On the shores of the Mediterranean Sea just north of
Israel, Lebanon once enjoyed a reputation as the Switzerland of the
Middle East, a land of milk and honey. On the eve of Ramadan,
Christianity Today visited with World Vision to witness how the Bekaa
Valley now recalls John Steinbeck’s Great Depression–era description of
the Dust Bowl and California. In the Bekaa, many refugees struggle to
survive as tenant farmers, as did the Joads of The Grapes of Wrath. But unlike the Joads, many used to be urban, middle-class families.
While Americans agonize over plans to resettle 10,000
Syrian refugees this year, Lebanon is straining under the weight of 1.5
million. And it’s a nation of only 4.5 million, smaller than Connecticut
and with fewer people than Kentucky. Today, 1 in 3 people in Lebanon is
a refugee. As a Beirut taxi driver put it: “Now you fear that when you
go home, you will find a refugee sleeping in your bed.”
On the Corniche, Beirut’s famed boardwalk perfect for
watching the sun set over the Mediterranean, most of the evening crowd
are not Lebanese or tourists, but Syrian refugees. Families fill the
mosaic-covered benches while men fish for dinner from the algae-covered
rocks at the seawall’s base. Stretching along the coast is the long
ridge of Mount Lebanon. Its dense clusters of terraced white houses
evoke snow-covered slopes even in the summer heat.

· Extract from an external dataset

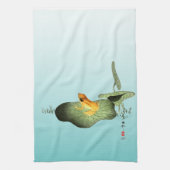 ハスの上の黄色いカエル キッチンタオル (縦)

These days, most of the street vendors on bustling
Hamra Street, one of Beirut’s main tourist strips for shopping, are
refugees. At Cafe Younes, open since 1935 and famous for its specialty
coffee roasts and the cigar-smoking communists always on hand to drink
it, a dirt-streaked boy navigates the sidewalk tables in the leafy
shade. About six years old, he is raggedly dressed in the colors of the
Syrian flag: a red polo shirt, black pants that stop well above his
ankles, and white-striped sneakers.
He repeatedly gestures to his mouth, saying “C’mon
please” as he peddles green and yellow packs of Chiclets gum. Three
sidewalk tables decline before two shoppers in a black Audi across the
street finally say yes. A few minutes later, a girl around age eight
with her hair in a frazzled braid starts retracing the boy’s path with
just a bare, outstretched hand.
Lebanon does not permit official refugee camps—a vestige of its refusal
to accept its many Palestinian refugees from Israel as permanently
displaced. So, many Syrians settle in what aid workers call “informal
tent settlements” (ITS). Most hold one or two dozen families; the
largest has about 100 families. Landowners in the Bekaa charge about
$200 per month; most families reluctantly have their children work the
farm as payment.
The Bekaa was the main feature of the in-flight
magazine of Lebanon’s national airline when CT visited. Indeed, its
sprawling vineyards and fields surrounded by dusty mountains evoke the
scenic Napa Valley. But it’s a Napa dotted with military checkpoints,
mosques, and tent cities. Open-air trucks can be seen taking day
laborers to the fields; they ferry more workers than usual because the
truck beds are packed with children.
The farmer supervising Faysal’s children explains that
before Syria’s civil war, the field hands in the Bekaa were only 20
percent Syrians, and all were 15 or older. Today, 100 percent are
Syrians, and even six-year-olds can be found in the fields. The children
work a five-hour shift for $3. They do two shifts a day.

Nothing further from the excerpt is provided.